◆ Records shown:
########

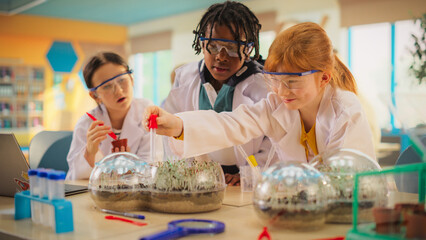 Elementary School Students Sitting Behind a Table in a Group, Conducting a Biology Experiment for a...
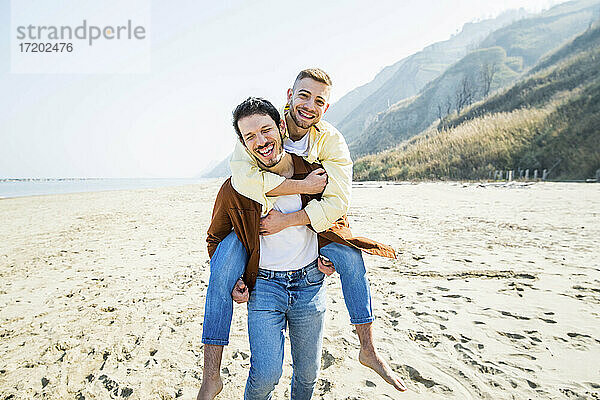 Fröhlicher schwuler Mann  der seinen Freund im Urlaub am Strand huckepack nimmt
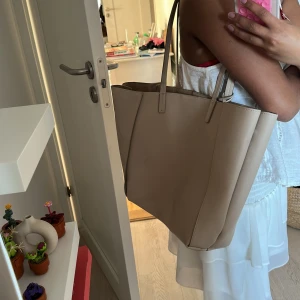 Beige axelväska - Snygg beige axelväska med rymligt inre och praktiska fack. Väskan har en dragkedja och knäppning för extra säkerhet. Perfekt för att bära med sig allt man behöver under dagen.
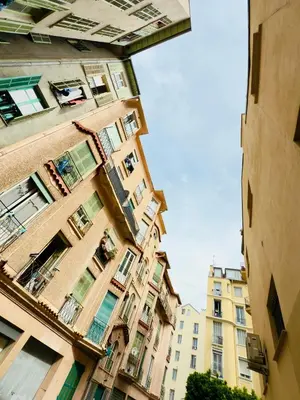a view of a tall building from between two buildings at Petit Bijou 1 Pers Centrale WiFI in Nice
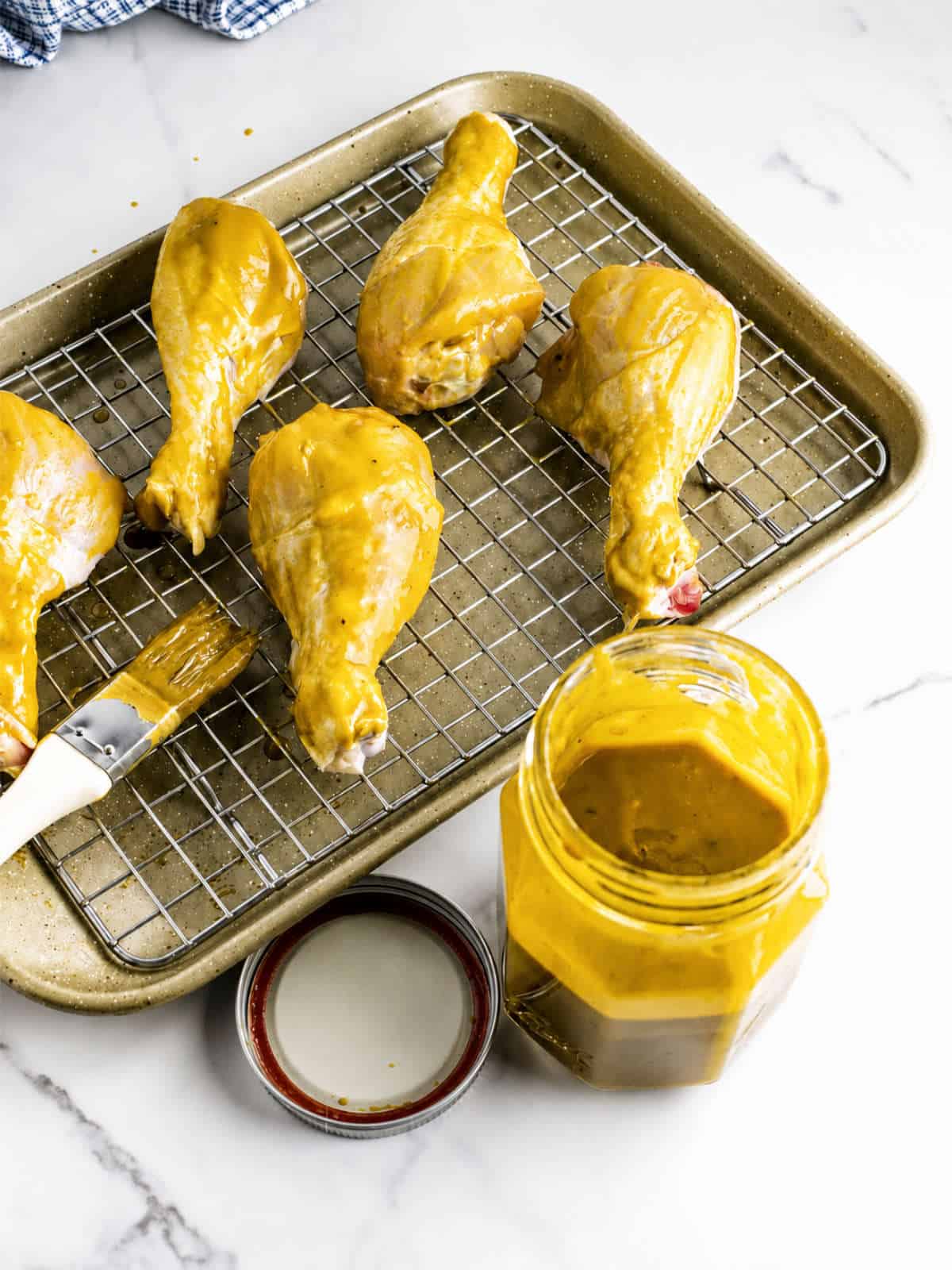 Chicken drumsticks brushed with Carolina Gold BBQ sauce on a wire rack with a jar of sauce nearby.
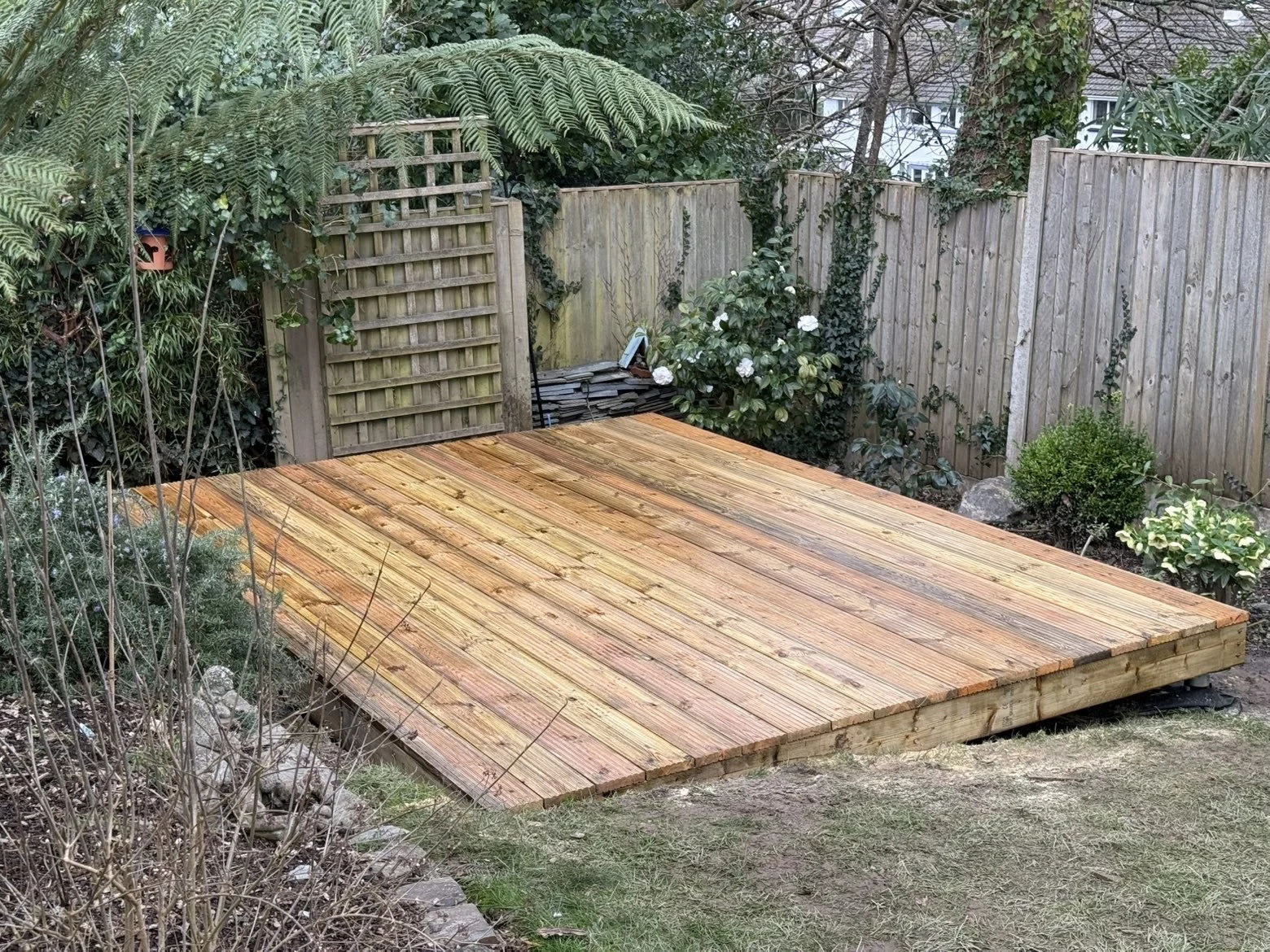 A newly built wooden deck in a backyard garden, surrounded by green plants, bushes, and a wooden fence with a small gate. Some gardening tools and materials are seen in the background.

########

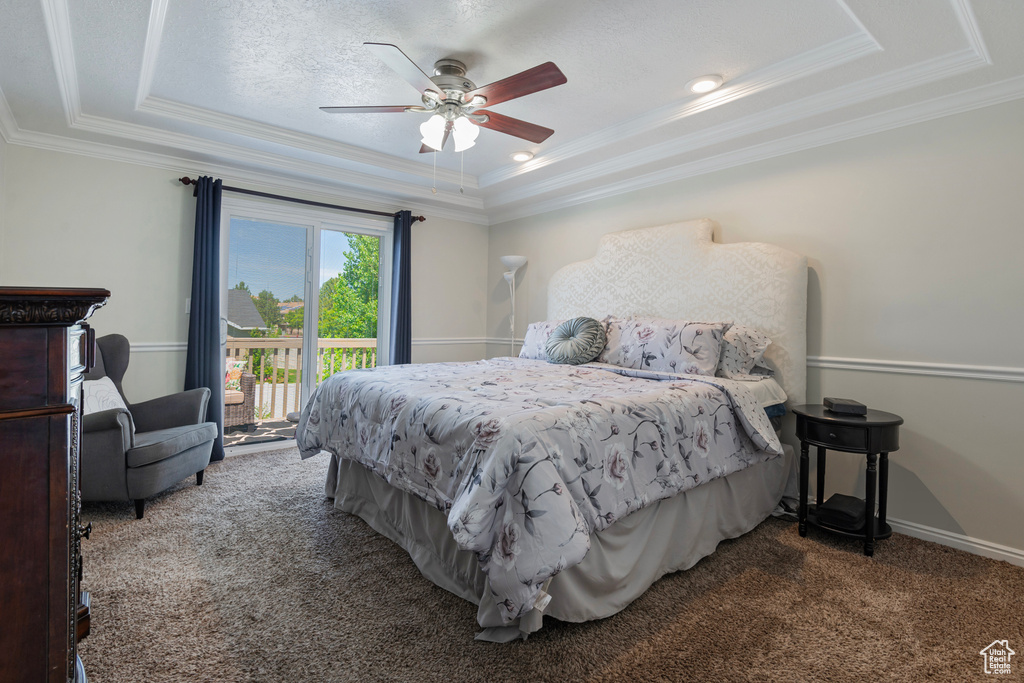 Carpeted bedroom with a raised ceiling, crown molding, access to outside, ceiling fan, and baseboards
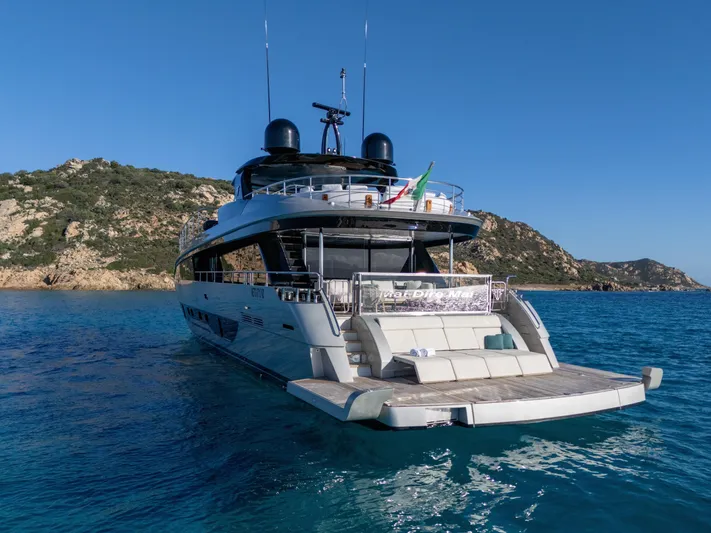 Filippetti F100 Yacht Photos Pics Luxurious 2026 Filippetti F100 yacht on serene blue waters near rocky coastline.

########

◆ About this exercise:
Could you repeat, exactly, only the lines above starting at the one that has "Beige axelväska - Snygg" and stopping after the one that has "a view of a", without the pictures?

◆ The answer:
 Beige axelväska - Snygg beige axelväska med rymligt inre och praktiska fack. Väskan har en dragkedja och knäppning för extra säkerhet. Perfekt för att bära med sig allt man behöver under dagen.
a view of a tall building from between two buildings at Petit Bijou 1 Pers Centrale WiFI in Nice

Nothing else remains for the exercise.